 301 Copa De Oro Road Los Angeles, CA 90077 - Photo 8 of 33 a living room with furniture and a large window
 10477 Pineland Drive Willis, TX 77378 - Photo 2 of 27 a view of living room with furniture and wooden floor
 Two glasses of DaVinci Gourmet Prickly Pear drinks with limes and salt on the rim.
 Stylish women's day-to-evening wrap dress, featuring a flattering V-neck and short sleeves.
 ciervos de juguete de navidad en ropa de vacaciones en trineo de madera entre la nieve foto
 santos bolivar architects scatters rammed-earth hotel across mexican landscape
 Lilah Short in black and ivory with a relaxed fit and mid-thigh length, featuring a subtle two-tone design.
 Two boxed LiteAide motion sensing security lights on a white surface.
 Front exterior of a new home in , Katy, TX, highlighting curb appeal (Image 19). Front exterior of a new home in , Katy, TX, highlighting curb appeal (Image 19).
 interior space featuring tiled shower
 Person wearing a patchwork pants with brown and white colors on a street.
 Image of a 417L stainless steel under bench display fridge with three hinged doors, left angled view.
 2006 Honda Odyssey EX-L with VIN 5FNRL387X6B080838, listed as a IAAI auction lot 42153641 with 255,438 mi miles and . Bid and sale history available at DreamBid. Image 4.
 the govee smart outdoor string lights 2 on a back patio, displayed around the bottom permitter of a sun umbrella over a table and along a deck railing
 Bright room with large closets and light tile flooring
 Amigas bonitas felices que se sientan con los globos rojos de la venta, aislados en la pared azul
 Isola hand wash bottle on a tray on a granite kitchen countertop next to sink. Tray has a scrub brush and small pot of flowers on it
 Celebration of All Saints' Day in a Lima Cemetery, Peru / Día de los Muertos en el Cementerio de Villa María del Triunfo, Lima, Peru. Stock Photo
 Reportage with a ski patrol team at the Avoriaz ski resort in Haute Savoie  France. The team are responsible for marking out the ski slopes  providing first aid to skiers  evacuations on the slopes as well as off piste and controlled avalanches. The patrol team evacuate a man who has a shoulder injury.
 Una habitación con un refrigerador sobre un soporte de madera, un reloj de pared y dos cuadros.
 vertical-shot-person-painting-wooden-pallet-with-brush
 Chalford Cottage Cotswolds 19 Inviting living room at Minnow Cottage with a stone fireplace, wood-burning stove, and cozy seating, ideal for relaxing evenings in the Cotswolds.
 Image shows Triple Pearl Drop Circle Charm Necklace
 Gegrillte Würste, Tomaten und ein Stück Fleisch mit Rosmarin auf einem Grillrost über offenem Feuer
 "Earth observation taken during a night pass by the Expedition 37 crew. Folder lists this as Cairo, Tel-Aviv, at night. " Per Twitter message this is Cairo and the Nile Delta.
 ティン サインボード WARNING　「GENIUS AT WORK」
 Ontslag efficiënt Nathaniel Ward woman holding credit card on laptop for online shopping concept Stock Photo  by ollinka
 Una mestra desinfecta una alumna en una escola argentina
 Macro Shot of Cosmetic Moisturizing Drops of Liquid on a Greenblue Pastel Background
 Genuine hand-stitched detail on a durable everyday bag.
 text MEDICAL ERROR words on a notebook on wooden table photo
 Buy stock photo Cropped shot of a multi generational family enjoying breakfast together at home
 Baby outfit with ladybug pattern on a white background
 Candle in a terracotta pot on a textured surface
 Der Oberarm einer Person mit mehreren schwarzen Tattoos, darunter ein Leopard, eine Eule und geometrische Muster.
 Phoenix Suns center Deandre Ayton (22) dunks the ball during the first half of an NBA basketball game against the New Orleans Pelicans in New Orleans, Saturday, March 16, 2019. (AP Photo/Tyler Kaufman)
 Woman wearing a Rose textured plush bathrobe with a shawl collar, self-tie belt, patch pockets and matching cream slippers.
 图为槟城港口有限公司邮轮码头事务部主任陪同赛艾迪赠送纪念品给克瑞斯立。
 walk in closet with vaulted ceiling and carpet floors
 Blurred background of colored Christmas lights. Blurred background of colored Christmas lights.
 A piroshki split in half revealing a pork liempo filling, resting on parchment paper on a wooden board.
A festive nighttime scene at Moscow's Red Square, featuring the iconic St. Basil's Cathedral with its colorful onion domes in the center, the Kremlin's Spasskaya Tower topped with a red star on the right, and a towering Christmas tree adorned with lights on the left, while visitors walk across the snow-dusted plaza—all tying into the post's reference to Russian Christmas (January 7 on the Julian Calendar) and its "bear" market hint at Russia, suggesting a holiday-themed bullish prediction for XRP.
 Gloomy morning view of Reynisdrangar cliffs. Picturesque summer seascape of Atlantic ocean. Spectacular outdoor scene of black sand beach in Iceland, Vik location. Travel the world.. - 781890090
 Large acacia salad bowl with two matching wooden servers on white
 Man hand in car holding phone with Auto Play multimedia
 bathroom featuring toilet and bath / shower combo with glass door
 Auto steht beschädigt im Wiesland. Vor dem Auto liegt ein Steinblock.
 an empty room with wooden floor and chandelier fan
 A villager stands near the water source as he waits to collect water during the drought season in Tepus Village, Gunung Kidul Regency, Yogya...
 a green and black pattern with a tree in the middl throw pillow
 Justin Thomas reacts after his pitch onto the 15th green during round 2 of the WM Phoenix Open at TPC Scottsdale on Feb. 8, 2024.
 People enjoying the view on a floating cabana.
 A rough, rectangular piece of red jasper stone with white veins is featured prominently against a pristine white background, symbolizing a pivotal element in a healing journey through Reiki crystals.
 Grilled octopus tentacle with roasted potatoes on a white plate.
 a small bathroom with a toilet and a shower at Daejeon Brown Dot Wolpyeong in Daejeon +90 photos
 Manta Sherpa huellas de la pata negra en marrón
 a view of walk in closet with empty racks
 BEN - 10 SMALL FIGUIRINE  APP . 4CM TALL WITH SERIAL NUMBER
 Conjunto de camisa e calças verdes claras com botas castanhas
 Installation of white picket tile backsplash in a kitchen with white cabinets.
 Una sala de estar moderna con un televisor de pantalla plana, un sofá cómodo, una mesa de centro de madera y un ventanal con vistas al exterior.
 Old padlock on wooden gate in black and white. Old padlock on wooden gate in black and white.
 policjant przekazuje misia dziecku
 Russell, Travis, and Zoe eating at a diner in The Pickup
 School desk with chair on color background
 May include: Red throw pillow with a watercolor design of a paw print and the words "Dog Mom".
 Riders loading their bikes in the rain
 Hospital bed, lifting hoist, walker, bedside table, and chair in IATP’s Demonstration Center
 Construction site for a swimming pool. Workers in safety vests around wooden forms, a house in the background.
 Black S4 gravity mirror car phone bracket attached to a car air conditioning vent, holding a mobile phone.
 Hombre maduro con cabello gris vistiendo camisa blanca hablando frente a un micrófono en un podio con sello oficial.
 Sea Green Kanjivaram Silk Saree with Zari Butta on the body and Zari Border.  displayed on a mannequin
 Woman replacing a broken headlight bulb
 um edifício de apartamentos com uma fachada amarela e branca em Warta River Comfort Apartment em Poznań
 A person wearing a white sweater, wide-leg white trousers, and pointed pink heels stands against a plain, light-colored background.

:::

- What you will do: Repeat the entries above verbatim, but only from the line that has "Isola hand wash" down to the line that has "vertical-shot-person-painting-wooden-pallet-with-brush", inclusive.

- Task answer:
 Isola hand wash bottle on a tray on a granite kitchen countertop next to sink. Tray has a scrub brush and small pot of flowers on it
 Celebration of All Saints' Day in a Lima Cemetery, Peru / Día de los Muertos en el Cementerio de Villa María del Triunfo, Lima, Peru. Stock Photo
 Reportage with a ski patrol team at the Avoriaz ski resort in Haute Savoie  France. The team are responsible for marking out the ski slopes  providing first aid to skiers  evacuations on the slopes as well as off piste and controlled avalanches. The patrol team evacuate a man who has a shoulder injury.
 Una habitación con un refrigerador sobre un soporte de madera, un reloj de pared y dos cuadros.
 vertical-shot-person-painting-wooden-pallet-with-brush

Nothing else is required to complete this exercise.